→ DATA

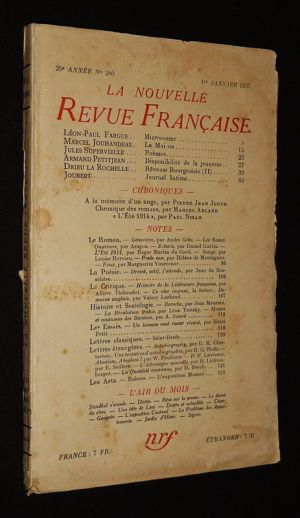 La Nouvelle Revue Française (25e année - n°280, 1er janvier 1937)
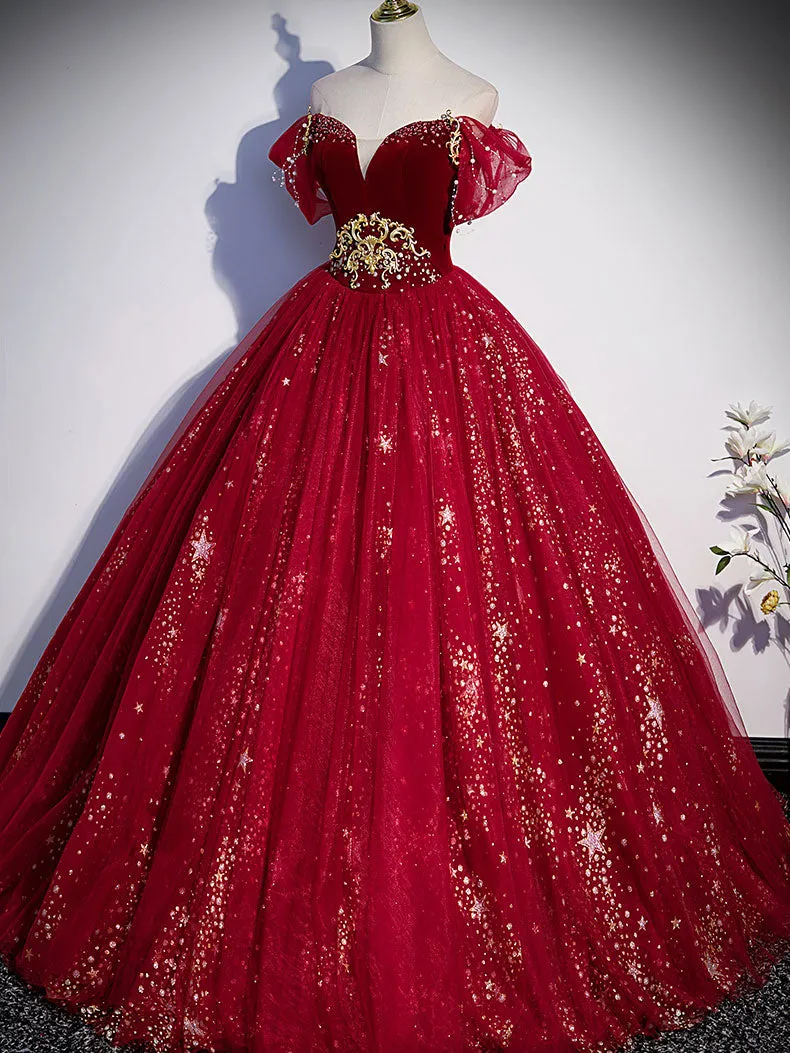 Burgundy sweetheart neck tulle sequin long prom dress, burgundy evening dress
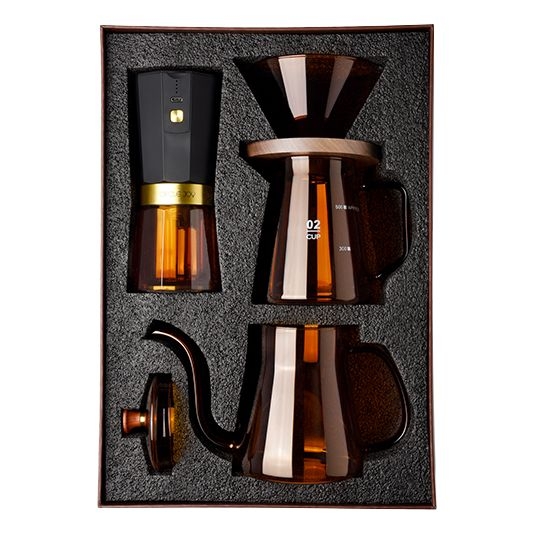 Кофейный набор Amber Coffee Maker Set, оранжевый с черным, черный, оранжевый, дерево, силикон, кофемолка - пластик, нержавеющая сталь; кофейник - боросиликатное стекло; чайник - боросиликатное стекло; стакан - боросиликатное стекло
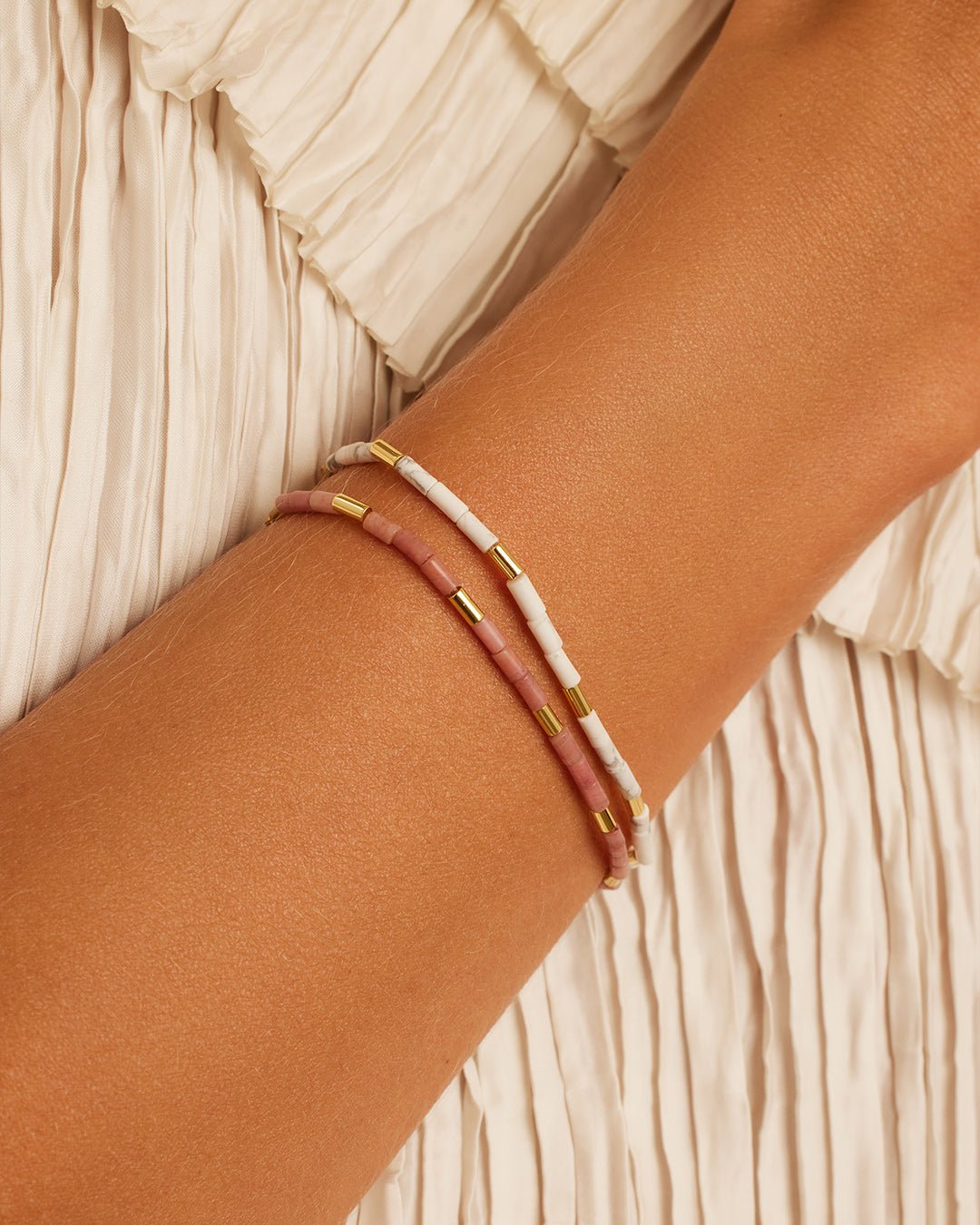 Power Gemstone Tatum Bracelet || option::18k Gold Plated, Rhodochrosite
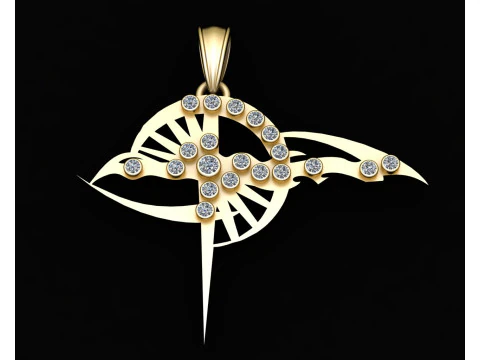 Soyut Kanatlı Bıçak Altın Kolye 3D Yazdırılabilir Model 3D Baskı Modeli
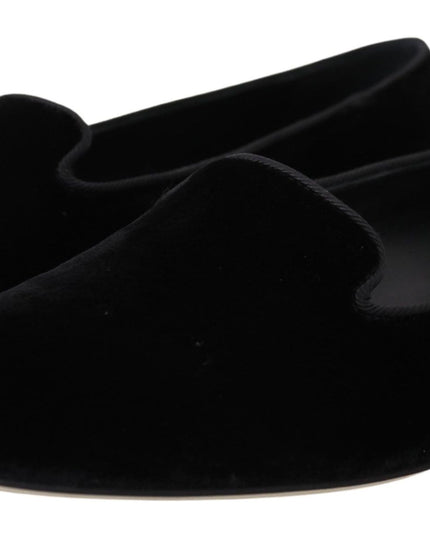 Dolce & Gabbana Black Velvet Slip Ons Loafers Flats Shoes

→ WHAT YOU HAVE TO DO
All of the entries above should be copied exactly, with the images left out.

→ SOLUTION
 La Nouvelle Revue Française (25e année - n°280, 1er janvier 1937)
 Burgundy sweetheart neck tulle sequin long prom dress, burgundy evening dress
 Кофейный набор Amber Coffee Maker Set, оранжевый с черным, черный, оранжевый, дерево, силикон, кофемолка - пластик, нержавеющая сталь; кофейник - боросиликатное стекло; чайник - боросиликатное стекло; стакан - боросиликатное стекло
 Power Gemstone Tatum Bracelet || option::18k Gold Plated, Rhodochrosite
 Soyut Kanatlı Bıçak Altın Kolye 3D Yazdırılabilir Model 3D Baskı Modeli
 Dolce & Gabbana Black Velvet Slip Ons Loafers Flats Shoes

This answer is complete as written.